Most of the articles were either about fights going on, or taking bids to build a moving picture house next door. In October 6, 1915 Frank appeared before the city council to find out why the council turned him down for a liquor license for the property.

A couple of months later, the Wausau Daily Herald reported on January 21, 1916 that the Fox River House would be closing as the owner (Frank) stated that without a liquor license it would not be profitable.

So then the trick was to verify that that Frank Winarski is my family’s Frank Winarski. I found a great blog about the city of Menasha by David Galassie, who is an expert in that area, and emailed him. He was kind enough to send me a bunch of links, one of which was for an Oshkosh city directory from 1914. Lo and behold, on page 87, Frank Winarski is listed as the proprietor with his wife Julia, and they are listed as living at 230 Main, which is the address of the property. A Paul Winarski is also listed as working as a mason and living at the property. That was enough confirmation for me as I know for certain my family’s Frank and Julia had a son named Paul.

This is when I really love the internet, there are so many resources available I don’t know if I ever could have solved this puzzle without it!

Wordless Wednesday — Winarski

This is a two for one but not really a photo Wordless Wednesday. One of the toughest lines I have been researching is the Winarski line, my maternal grandmother’s mother’s line. Well thanks to Ancestry’s newspaper database, $5.95, and a search for the name “Frank Winarski”, I was super thrilled to find a couple of obituaries in “The Menasha Record”, a newspaper in Menasha, Wisconsin.

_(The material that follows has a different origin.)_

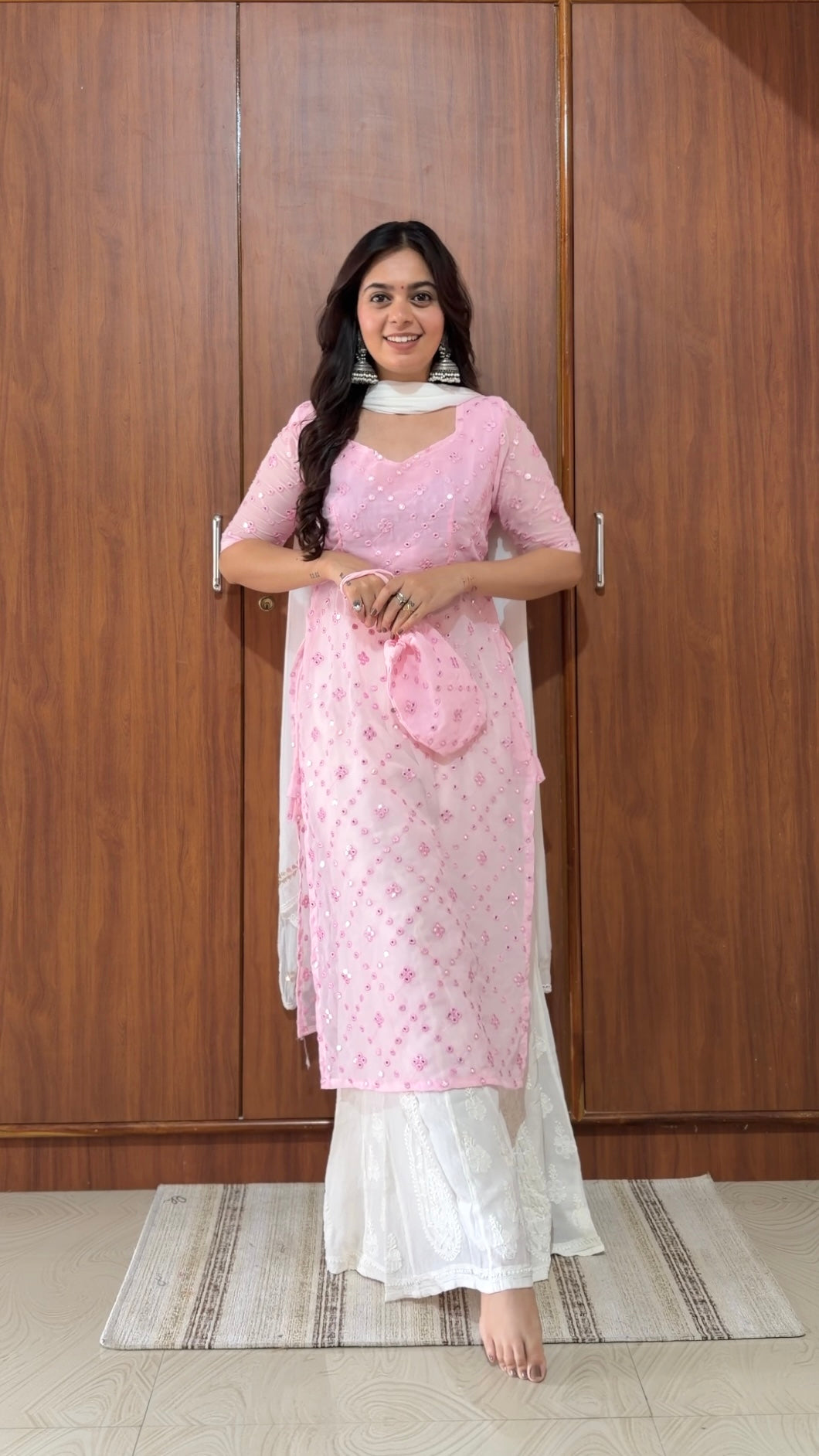Santoshiβs Pink Mirror Embroidered Gulnaz Kurta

The first obituary is for Julia Winarski, Frank Winarski’s wife, who died on August 22, 1929 and lived in Menasha. The obituary does not even mention her first name, which irritated me but times were very different back then.

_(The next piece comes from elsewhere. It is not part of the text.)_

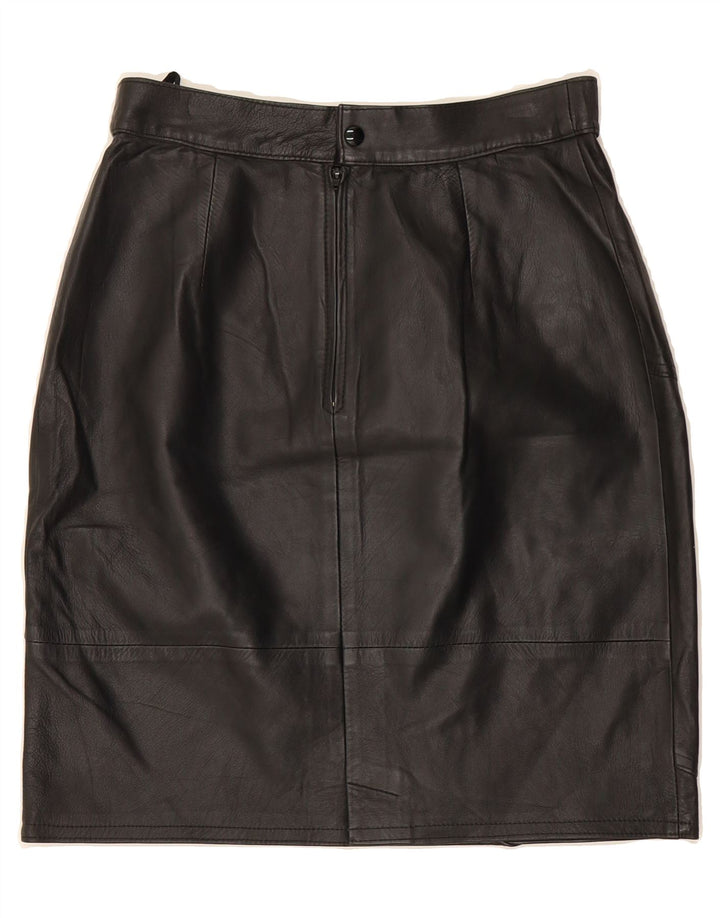 VINTAGE Womens Leather Skirt IT 40 Small W28  Black Leather Vintage Vintage and Second-Hand Vintage from Messina Hembry 
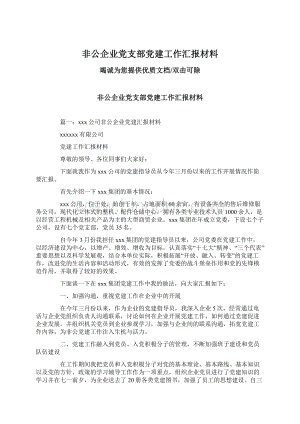 非公企业党支部党建工作汇报材料文档格式.docx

The second is of Frank, who died on October 19, 1935. It mentions he was a pioneer of the fifth ward in Menasha. Unless it is a mistake, Frank must have remarried since it says his wife survived him and Julia died 6 years before.

One of Frank and Julia’s daughters was Margaret Winarski, who married Edward Schoudel, and who is the mother of my maternal grandmother, Madeline (Schoudel) Bass. The information in these obituaries have certainly given me more avenues to research!

Notice the Schoudel name is mistakenly spelled differently in each obituary, Shoerdel and Shoudell. How many different ways has that name been spelled?